Carrie
Fisher was only six years removed from Return of the Jedi when she made She’s
Back. While Harrison Ford was working
with Steven Spielberg on the set of Indiana Jones and the Last Crusade, Fisher was
starring in this painfully unfunny comedy ghost movie from the director of Robot
Holocaust, Tim Kincaid and writer Buddy (Combat Shock) Giovinazzo. Fisher’s history of drug and alcohol abuse is
well-documented. I’m not sure if she had
hit bottom yet in regard to drugs and alcohol, but this is definitively the
nadir of her acting career.
Fisher
and her hubby Robert (Death Wish 5: The
Face of Death) Joy move into a crime-ridden neighborhood. The first night in their new home, they are
immediately terrorized by punks who break in, rob the place, and kill Carrie. She soon returns from the grave to convince
her spineless husband to get revenge on the men who killed her.
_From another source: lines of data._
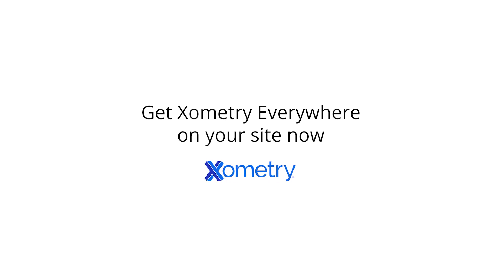Connect with Xometry today to learn how you can get Xometry Everywhere on your website.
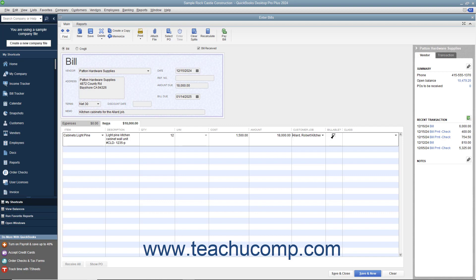To make the line item non-billable, if simply recording job costing information and not billing the cost to the customer, click the billable check mark for that line item to remove the check from the check box. You can then save and close the form.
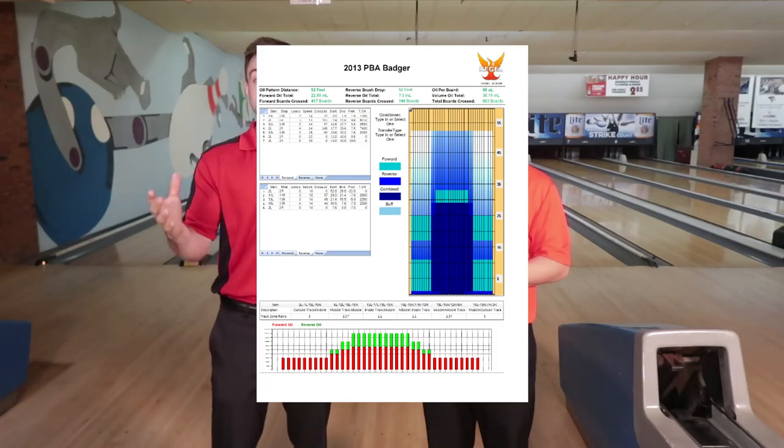When attacking a sport condition, the most important thing is developing a game plan. If there's a graph available, there's a rule of 31 that we can use. Whatever the total footage of the pattern is, we subtract 31 feet from that pattern, and that gives us an idea where our break point needs to be. This is going to be an estimate — there are a lot of other factors that go into it — but a graph and using the rule of 31 gives us a starting point.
From then on, it becomes a comedy version of Death Wish, except starring a henpecked sitcom husband and a wisecracking ghost sidekick. If you thought the scenes of Fisher in white make-up bickering with Joy were bad, wait till you see him and his idiot neighbor fighting back against the punks using makeshift homemade weapons. The final confrontation with the punks is downright painful and even though there’s some OK gore, it’s just too dumb to even work. (There’s a gun made from a sink that shoots coils that somehow drill through people’s skulls?!?)
Joy
does what he can with the awful material and Fisher remains professional throughout,
although neither of them come close to saving this mess. What I wouldn’t give to be a fly on Fisher’s
dressing room wall when she was making this. I haven’t read Fisher’s
memoir, Postcards from the Edge, but if there isn’t an entire chapter devoted
to this movie, then what’s the point?
The
comedy elements are woefully miscalculated. Joy and Fisher are fine actors, but they
visibly struggle trying to make the clunky premise work. It doesn’t help that the movie looks like a
cheap sitcom and the characters behave like they’re in a bizarre Off-Broadway
play as they constantly shout at one another.
She’s
Back is an oddity to be sure, but not in a good way. For die-hard fans of Fisher, it may work as a
curiosity piece. A morbid curiosity
piece.
I thought this film was quite funny and entertaining.